“Barrister” custom Corvette is rare, but does it play the right tune?

The legend lives on. Two legends, actually, if you choose to believe the claimed provenance of a rare custom Corvette that sold recently at Bonhams’ Tupelo Auction.

More than three years after George Barris’ death in November 2015, his custom creations (kustom kreations?) continue to make their way into the automotive spotlight. Late last month, one of about a dozen “Barrister” Corvettes that the King of Kustomizers built for celebrities like James Caan, Bo Derek, and Sammy Davis Jr. sold for $51,520. The outlandish black-and-gold stretched Corvette is believed to have been owned by Liberace, and although there is no documentation to validate that assertion, the eccentric car certainly seems like something that the equally eccentric pianist would drive. The pre-auction estimate was $50,000–$80,000, so the buyer may even have scored a bargain.

“George Barris is among the best-known customizers of all time and just about anything he built is collectible,” says Hagerty valuation editor Andrew Newton. “With that said, his signature style—and the look of neoclassics, in general—isn’t to everyone’s taste. Plus, the Liberace connection is unverified. So, all things considered, this was a realistic price.”
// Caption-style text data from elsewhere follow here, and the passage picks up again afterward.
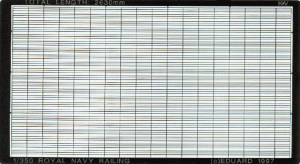 Eduard 99007 Royal Navy Railing 1/350 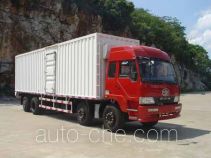 FAW Liute Shenli LZT5270XXYPK2E3L11T2A90 cabover box van truck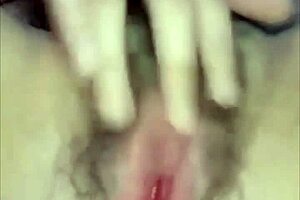 Horny Pinay Fingers Wet Pussy and Cums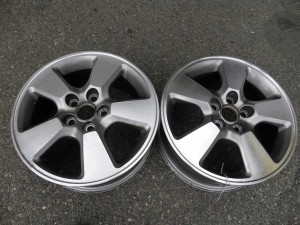 トヨタ純正アルミホイールレストア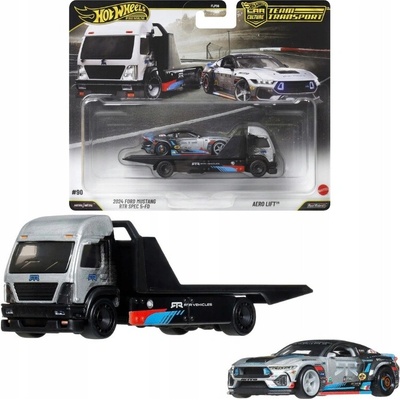 Mattel Hot Wheels Premium Car Culture Team Transport 2024 Ford Mustang RTR Spec 5FD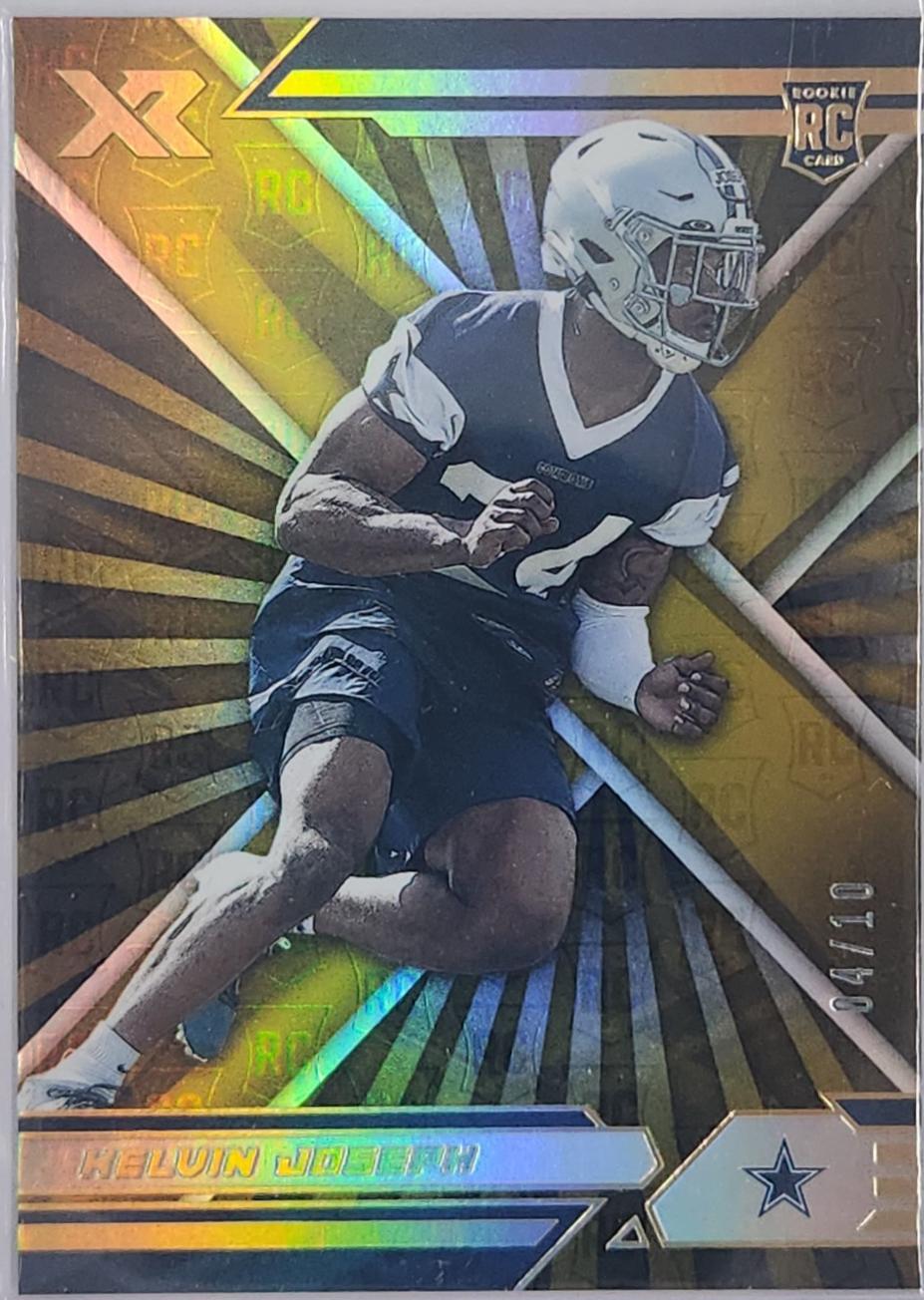 Kelvin Joseph [Gold] #136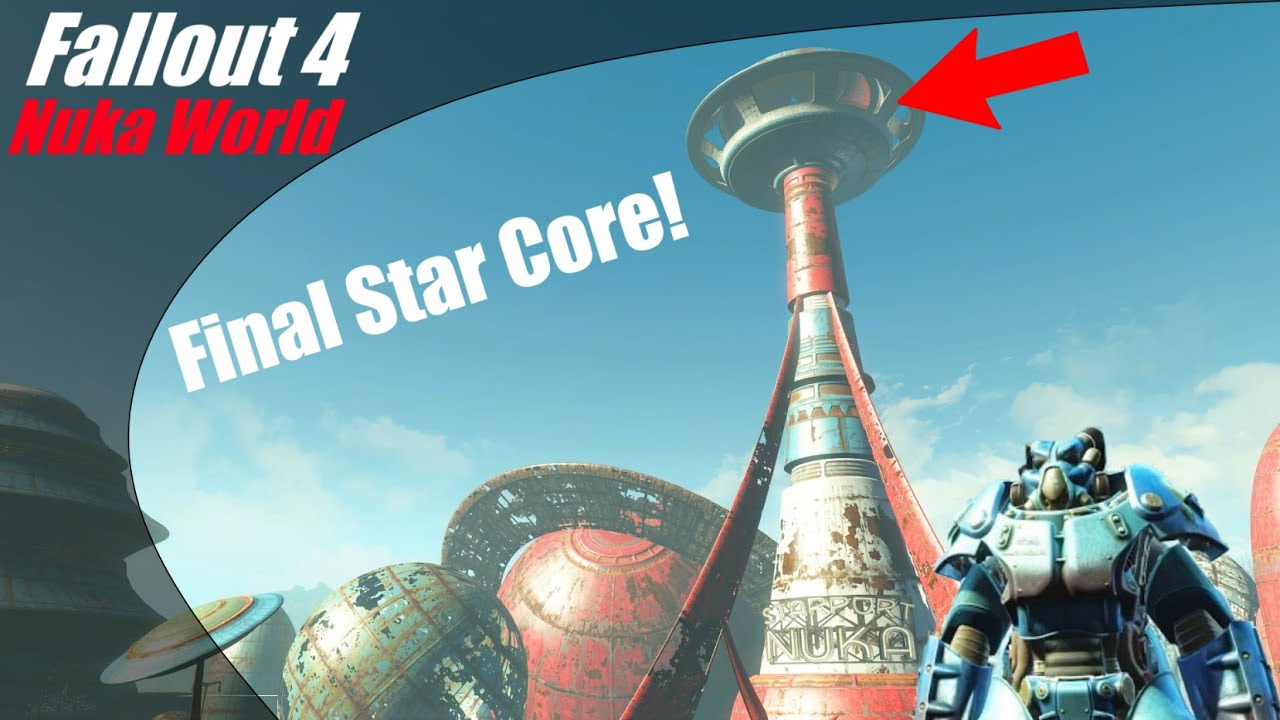 Fallout 4: How to get the last Star Core without main power restored. (Nuka World DLC)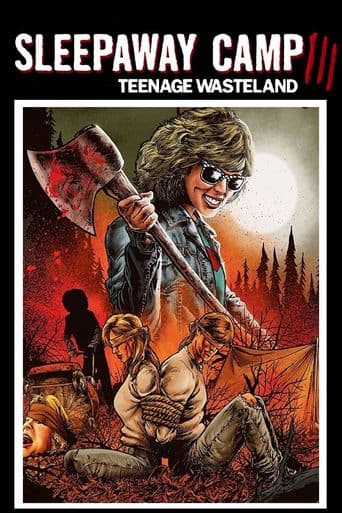 Sleepaway Camp III: Teenage Wasteland poster art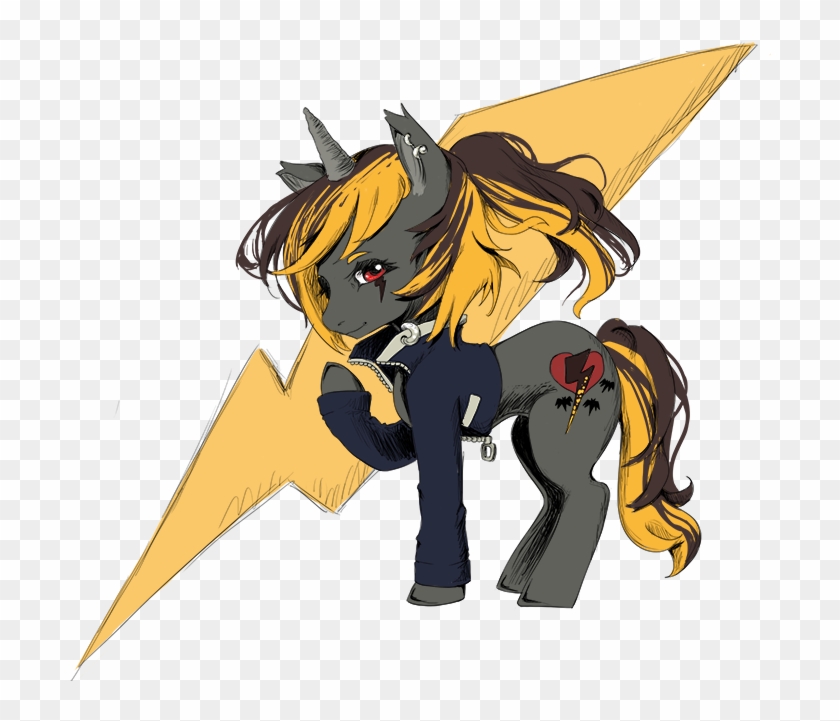 Horse Demon Cartoon Legendary Creature - Cartoon #1103897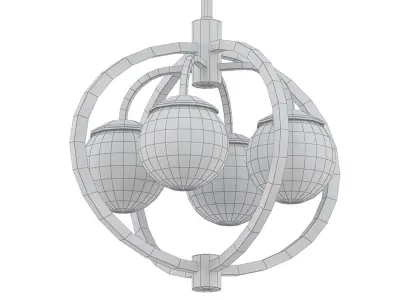 Piltz Satin Brass 22 3D model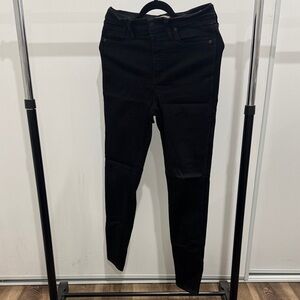 Madewell Deep Black Women's Skinny Jeans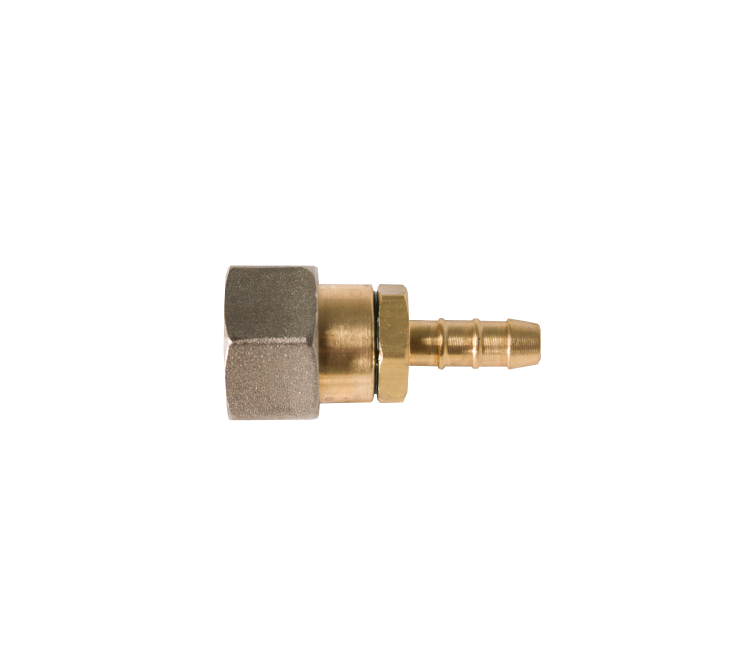Verloopkoppeling M24 x 1.5 naar slangtule 8mm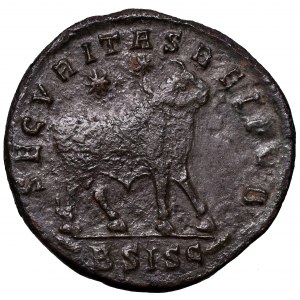 Roman Empire, Julian I, Follis Siscia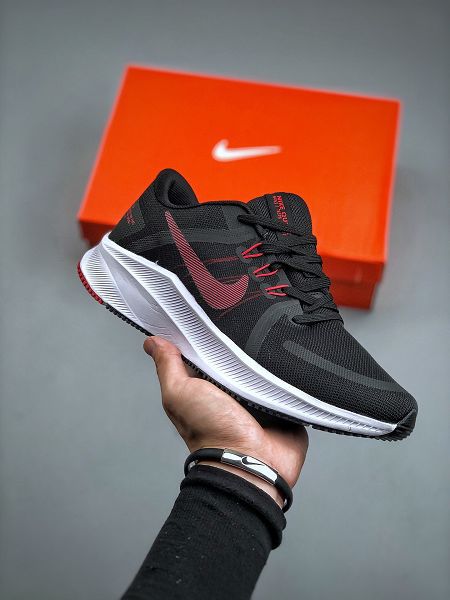 Nike Quest 4 2023新款 極速4代網面透氣男款跑步鞋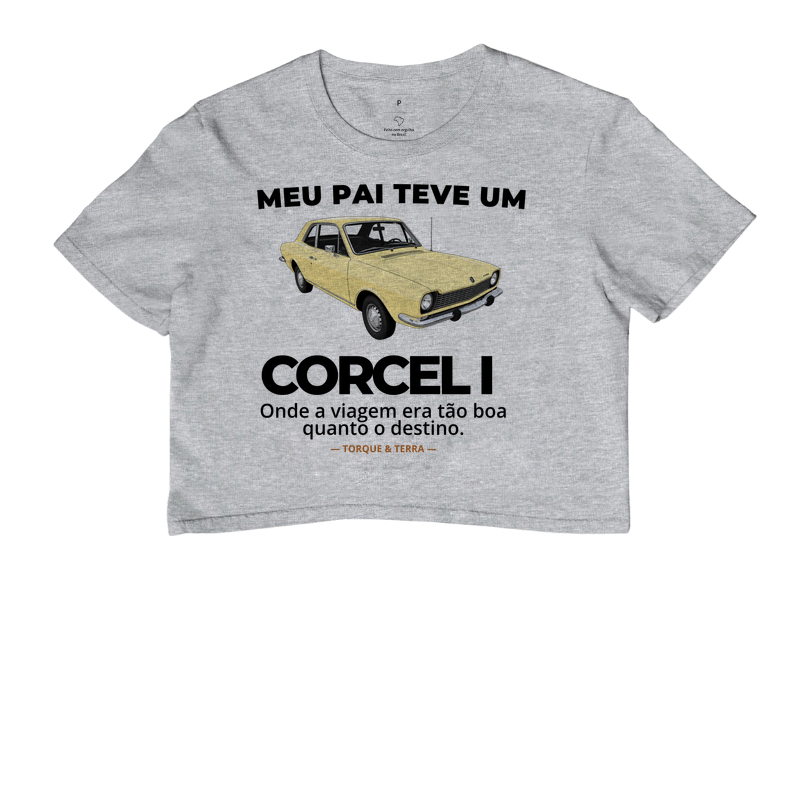 Meu pai teve um  - CORCEL I - amarelo - Imagem 6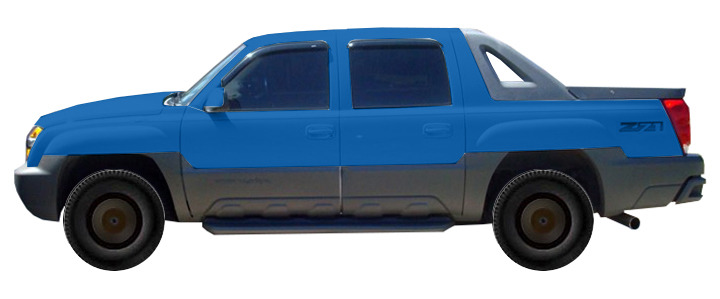 Диски на CHEVROLET Avalanche GMT 800 (2001 - 2006)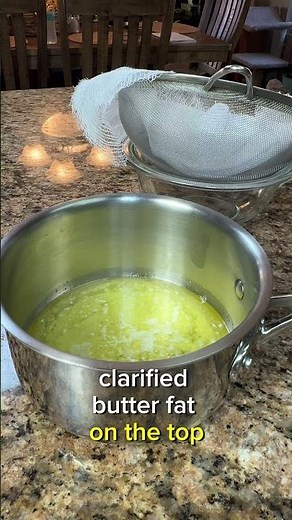 Clarified Butter The Correct Way | Simple, Easy And Delicious @TheFoodShop45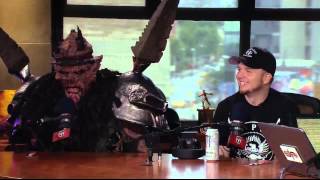 Oderus Urungus amp Jamey Jasta on The Dan Patrick Show 91613 [upl. by Pegg]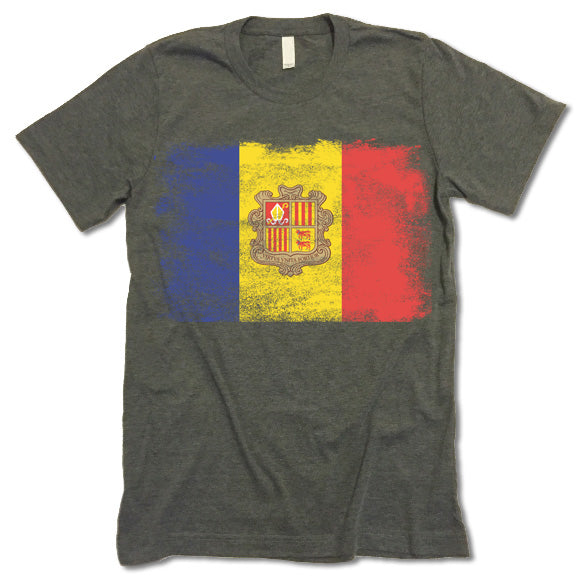 Andorra Flag Shirt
1982 George Barris "Barrister" badge
1982 George Barris "Barrister" engine

1982 George Barris "Barrister" wheel
1982 George Barris "Barrister" interior

The Barrister, which Barris referred to as “a 1930s-style modern sports car,” began its life as a 1982 Chevrolet Corvette. After Barris lengthened the frame, he added a long hood, gold radiator shell, the headlights from a Ford Granada, faux side-exhaust pipes, v-windscreen, and fastback humps behind the driver and passenger headrests. The interior features velour, tufted bucket seats, wood trim, and a candelabra between the seats, a tribute to its supposed previous owner. Under the hood is a 350-cubic-inch OHV V-8 engine with Cross-Fire fuel injection, which generates about 200 horsepower. The car has a four-speed 700-R4 automatic transmission, four-wheel independent suspension, and four-wheel hydraulic ventilated disc brakes.

It may not be a Batmobile, but it definitely has the look. And Liberace was known to wear a cape, right?